DS Unit 4 - Data Cleaning, Neural Networks and Linear Regression models. Goal of App: To ensure that Home owners can rent their properties at the optimal range.
This project did not use a live API due to CO-VID19 Site issues but it did use historical data as recent as 2019 to train and validate the prediction model.
Through intense data research, collection, and cleaning, we assembled a table of 243k obvservations and 107 rows. We reduced the column count to 19 final features, while keeping observation(row) quantity.
'AirBnB_NN_DC' Has A Neural Network which returns an MAE of $165. It doesn't give very precise results, but it does successfully return results. I break my notebook into sections for each area focus.
For Data Cleaning, I used pandas to investigate the data. I utilized methods such as pandas.fillna() to fix null values and pandas.replace() to correct fields with invalid entries. [For some awesome data cleaning tips and techniques, watch this.] tutorial(https://www.youtube.com/watch?v=iYie42M1ZyU&t=4302s) Daniel Chen is an excellent teacher and I recommend his material for practitioners of all levels, whether you're looking to learn pandas for the first time, or just need some refreshers.
I Used transformers to normalize data values. in plain english, Normalization is the term used to describe the action of adjusting values which vary in scale, down to a common scale. This is a good technique for adding robustness to your model. After some more preprocessing steps, I build a Sequential model using Keras . I constructed a model with three layers. The first two are matching layers with 64 Node densities, both using "relu" as activation functions. "ReLu" is a common and powerful activation function which stands for Rectified Linear Units. Rectifiers have been thoroughly researched and are a very valuable sub-topic of machine learning to familiarize with. The last layer is one node dense with a linear activation function. ; since this is a regression problem, it's what we need to produce a result of a single number.

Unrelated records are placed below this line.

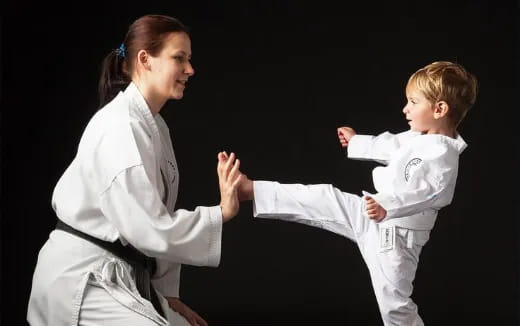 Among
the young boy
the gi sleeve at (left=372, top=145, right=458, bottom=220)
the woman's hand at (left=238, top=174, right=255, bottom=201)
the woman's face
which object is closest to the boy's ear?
the young boy

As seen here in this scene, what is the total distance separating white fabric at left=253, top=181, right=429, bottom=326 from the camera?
3465 mm

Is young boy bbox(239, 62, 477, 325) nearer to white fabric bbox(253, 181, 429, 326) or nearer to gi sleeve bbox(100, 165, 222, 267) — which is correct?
white fabric bbox(253, 181, 429, 326)

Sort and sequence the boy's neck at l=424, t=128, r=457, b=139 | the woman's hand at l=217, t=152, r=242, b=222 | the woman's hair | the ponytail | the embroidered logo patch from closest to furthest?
1. the woman's hand at l=217, t=152, r=242, b=222
2. the woman's hair
3. the ponytail
4. the embroidered logo patch
5. the boy's neck at l=424, t=128, r=457, b=139

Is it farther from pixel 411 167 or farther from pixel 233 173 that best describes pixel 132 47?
pixel 411 167

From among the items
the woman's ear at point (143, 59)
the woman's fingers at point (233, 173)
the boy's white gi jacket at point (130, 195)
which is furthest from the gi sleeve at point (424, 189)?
the woman's ear at point (143, 59)

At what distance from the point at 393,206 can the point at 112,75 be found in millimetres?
1049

'airbnb_linear_regression' has a linear regression model which also returns an MAE of about $181. This result is similar to that of the Neural network, so it's tough to decide how successful our calculations have become. This information is revealed when we view the R2 score of this linear regression model. This linear regression model has an R2 score of 0.06. That's nearly 0. The closer an R2 score is to 1, The better the score is, and the better our model is explaining the variance in targets. The closer the r2 score is 0, the more likeley it is that the model explains none of the variability.

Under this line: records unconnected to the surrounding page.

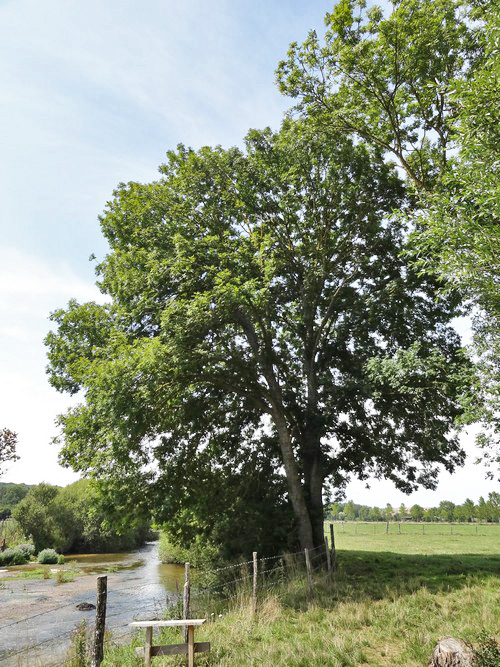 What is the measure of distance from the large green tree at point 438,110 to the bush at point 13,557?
121 ft

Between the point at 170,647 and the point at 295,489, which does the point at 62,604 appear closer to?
the point at 295,489

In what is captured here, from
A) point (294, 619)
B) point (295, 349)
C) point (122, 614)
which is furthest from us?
point (295, 349)

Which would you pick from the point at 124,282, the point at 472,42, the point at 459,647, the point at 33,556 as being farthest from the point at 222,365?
the point at 33,556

This can be interpreted as :
- We are 186$ dollars away from perfect predictions BUT
- Our model is probably seriously overfit.
This might be the case if a lot of duplicate postings existing.
Our NN is currently deployed on the DS Heroku App At this Address
This Heroku App predicts a price depending on the values provided in the JSON Submission as you can see below:
Simply click on the green "predict" method. You'll see an option similar to the screenshot above, where if you click on the "execute" button, you'll get a returned prediction at the bottom. For the most effective showcase, try adjusting the "square footage" feature in your submission , and you should see a noticeable change in predicted rental price.